Nothing but the pictures is dropped; write out all the remaining data below exactly.

=== Begin Enclosure ===

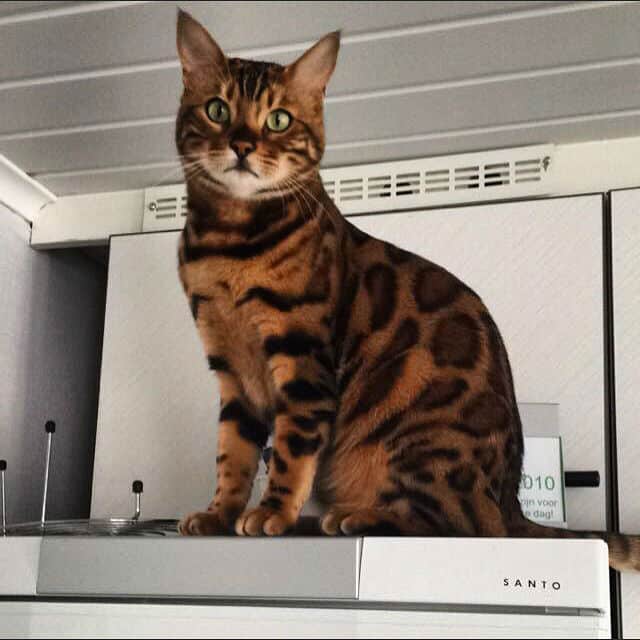 bengal-cat007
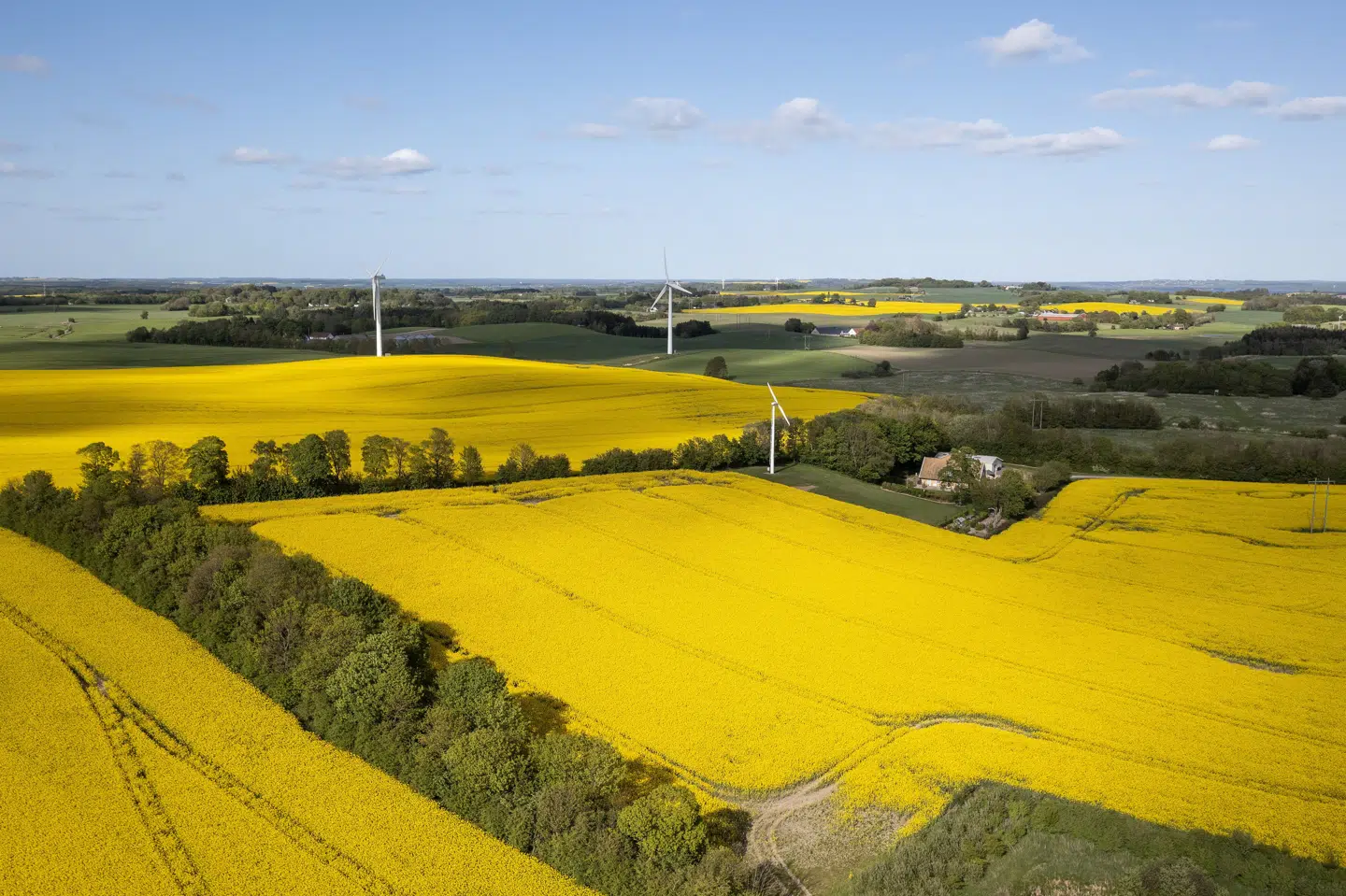 Flere hundredtusind hektar skal i fremtiden omdannes til skov gennem den grønne trepart. (Arkivfoto).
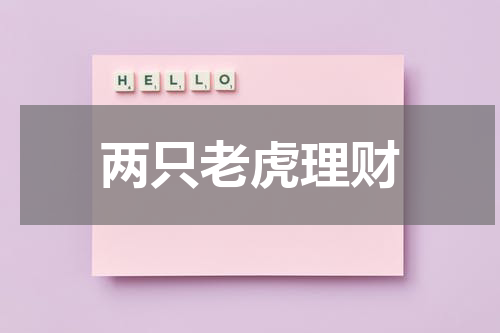 两只老虎理财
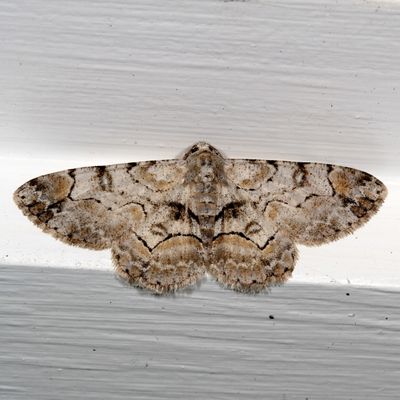 6426-6617 : Glena, Epimecis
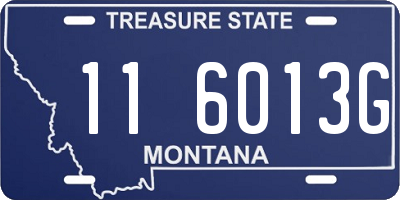 MT license plate 116013G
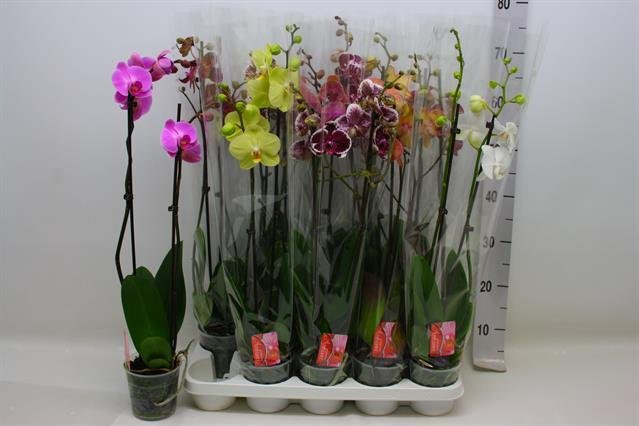 Kambarinis augalas, orchidėja (Phalaenopsis), vazonėlio skersmuo 12 cm.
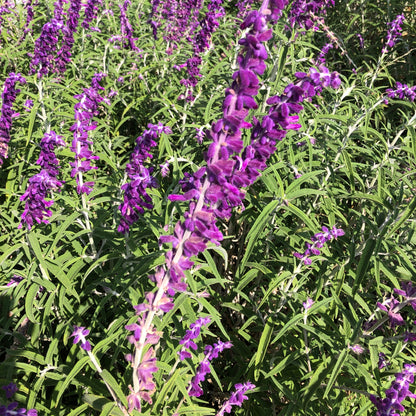 Salvia Leucantha Flower Seeds
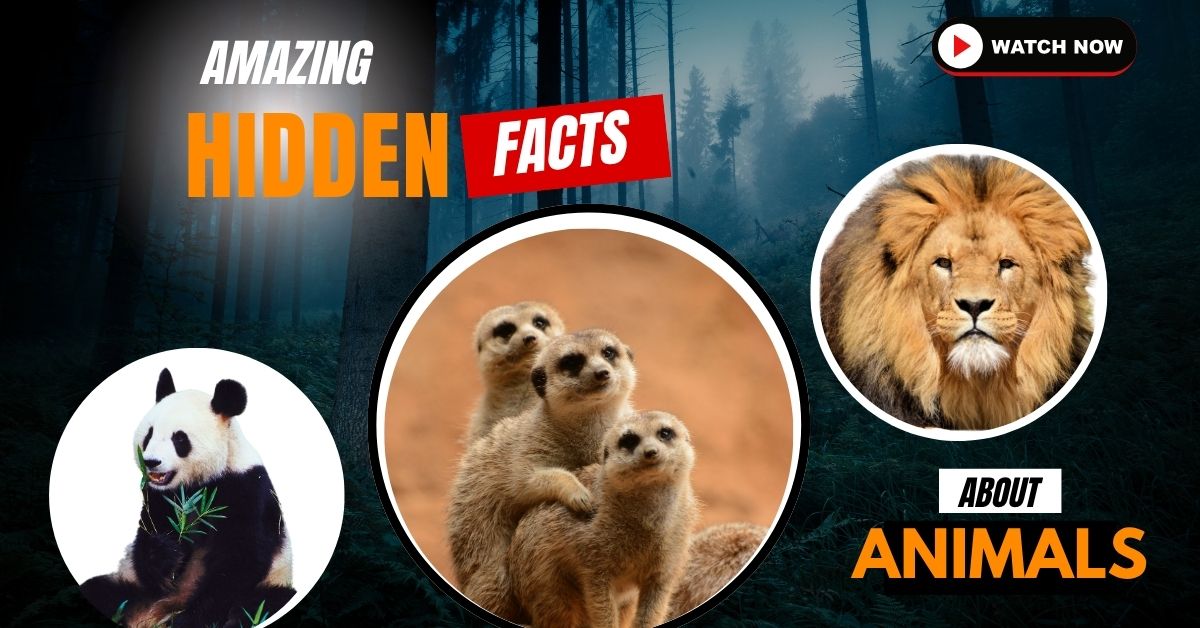 Animal Facts in Hindi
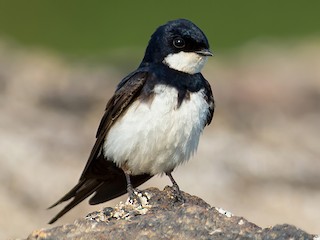  - Black-collared Swallow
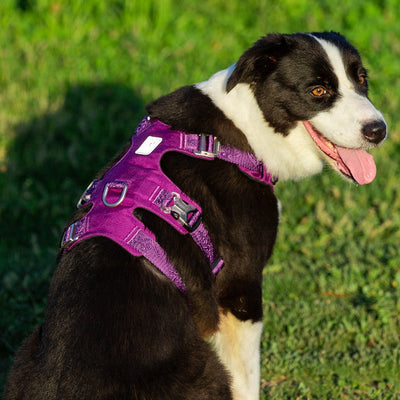 Whinhyepet Harness Purple 2XS Payday Deals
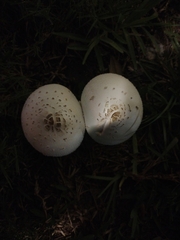 Chlorophyllum molybdites image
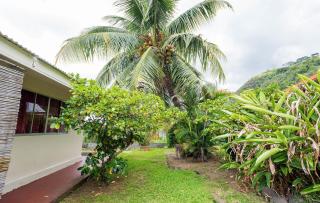 Pension TE MITI - PLAGE-BEACH 200m - Mahana Parc & Vaiava Beach pk18 - B&B CHAMBRES ou DORTOIR - Punaauia - 8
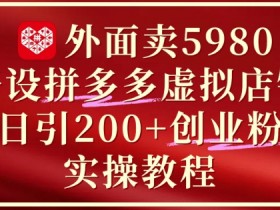 外面卖5980开设拼多多虚拟店铺：单日引流200+创业付费粉实战教程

=== End Enclosure ===

=== Completed task ===
 bengal-cat007
 Flere hundredtusind hektar skal i fremtiden omdannes til skov gennem den grønne trepart. (Arkivfoto).
 两只老虎理财
 6426-6617 : Glena, Epimecis
 MT license plate 116013G
 Kambarinis augalas, orchidėja (Phalaenopsis), vazonėlio skersmuo 12 cm.
 Salvia Leucantha Flower Seeds
 Animal Facts in Hindi
  - Black-collared Swallow
 Whinhyepet Harness Purple 2XS Payday Deals
 Chlorophyllum molybdites image
 Pension TE MITI - PLAGE-BEACH 200m - Mahana Parc & Vaiava Beach pk18 - B&B CHAMBRES ou DORTOIR - Punaauia - 8
 外面卖5980开设拼多多虚拟店铺：单日引流200+创业付费粉实战教程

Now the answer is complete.